The Collings/Collins Cemetery
The following was written by Captain N. W. Evans and published in the Adams County Record on Thursday August 30, 1906 regarding the Collings Cemetery.
I visited the Old Collings Cemetery just south of town the other day and found it in a neglected condition. This cemetery was named for the first person buried within its confines--James Collings, a soldier of the Revolution, who passed to his reward in 1802. Mr. Collins was the first settler in this section, having laid out a tract of land of four hundred acres on which he built his cabin home, near the site of his burial place, a half mile south of the present limit of West Union. This was in 1795 and this entire section was in forest primeval while wild animals were plentiful and many trails of the Red Man could still be observed.

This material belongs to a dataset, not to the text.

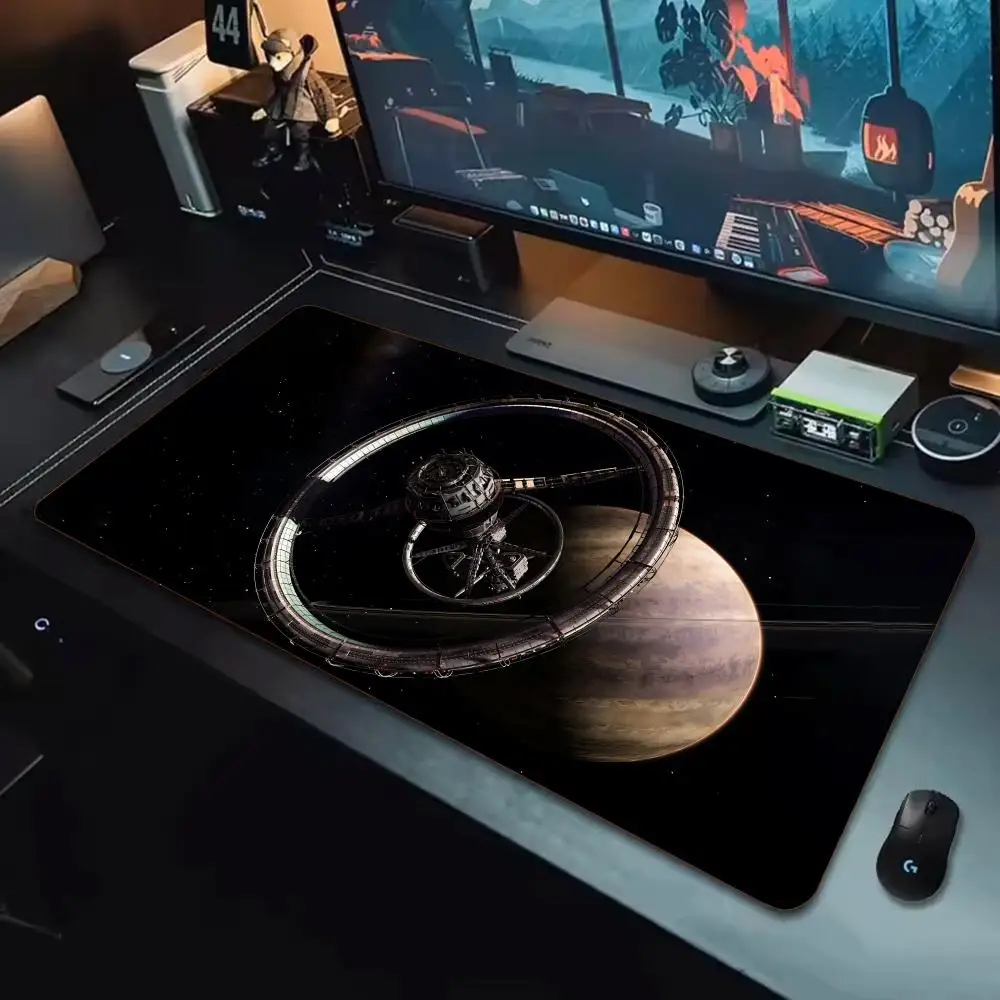 E-Elite D-Dangerous Mouse Pad Tapetes de Mesa Teclado, Borracha Kawai, Tapete de Mesa Antiderrapante, XXL90x40cm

The nearest neighbors of Mr. Colings were the Mc Clanahan family. Another neighbor was Ephraim Cole, who occupied the present Trotter farm, just east of West Union. The owner of this farm was also a soldier of the Revolutionary War and he is buried in the village cemetery, immediately in front of the grave of Justice Smashea. Mr. Cole rendered valiant services to the continental Army and came very near meeting the same fate of Nathan Hale, the celebrated patriot. He afterward moved to West Union and died in the house now occupied by the aged Jabez Eagle.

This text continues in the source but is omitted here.